● Exercise
A verbatim copy of all the data is required, minus any images.

The data Block Start

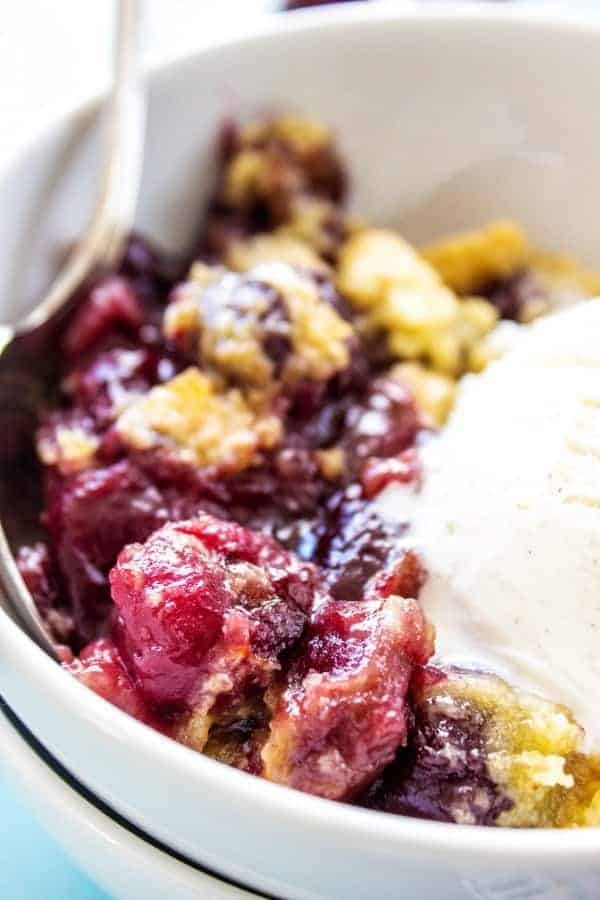 This CHERRY COBBLER RECIPE is the best ever. A deliciously simple way to enjoy fresh cherries without too much work.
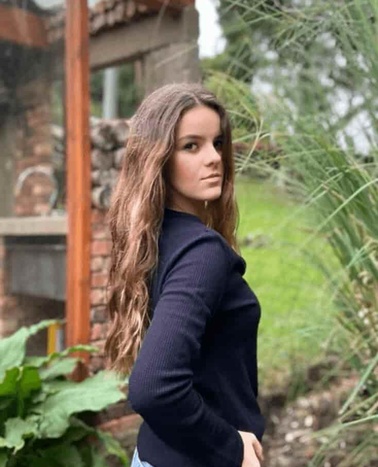A young woman standing outside with trees in the background, looking over her shoulder.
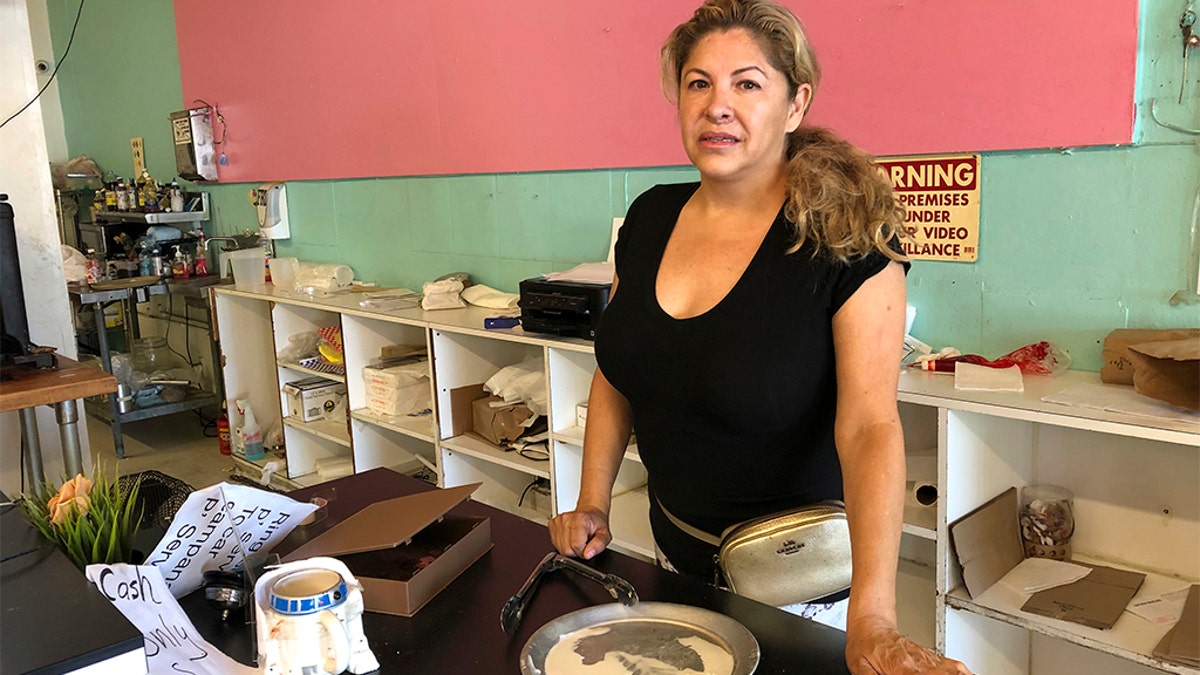 Dona Beltran, owner of M Bakery is seen behind her bakery counter in Garden Grove, Calif., Thursday, Aug. 8, 2019. She said the suspect came in late Wednesday afternoon and took the entire cash register. She said she ran to a nearby dental office to safety when she saw she was being robbed. 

The data Block End

● The completed task
 This CHERRY COBBLER RECIPE is the best ever. A deliciously simple way to enjoy fresh cherries without too much work.
A young woman standing outside with trees in the background, looking over her shoulder.
 Dona Beltran, owner of M Bakery is seen behind her bakery counter in Garden Grove, Calif., Thursday, Aug. 8, 2019. She said the suspect came in late Wednesday afternoon and took the entire cash register. She said she ran to a nearby dental office to safety when she saw she was being robbed. 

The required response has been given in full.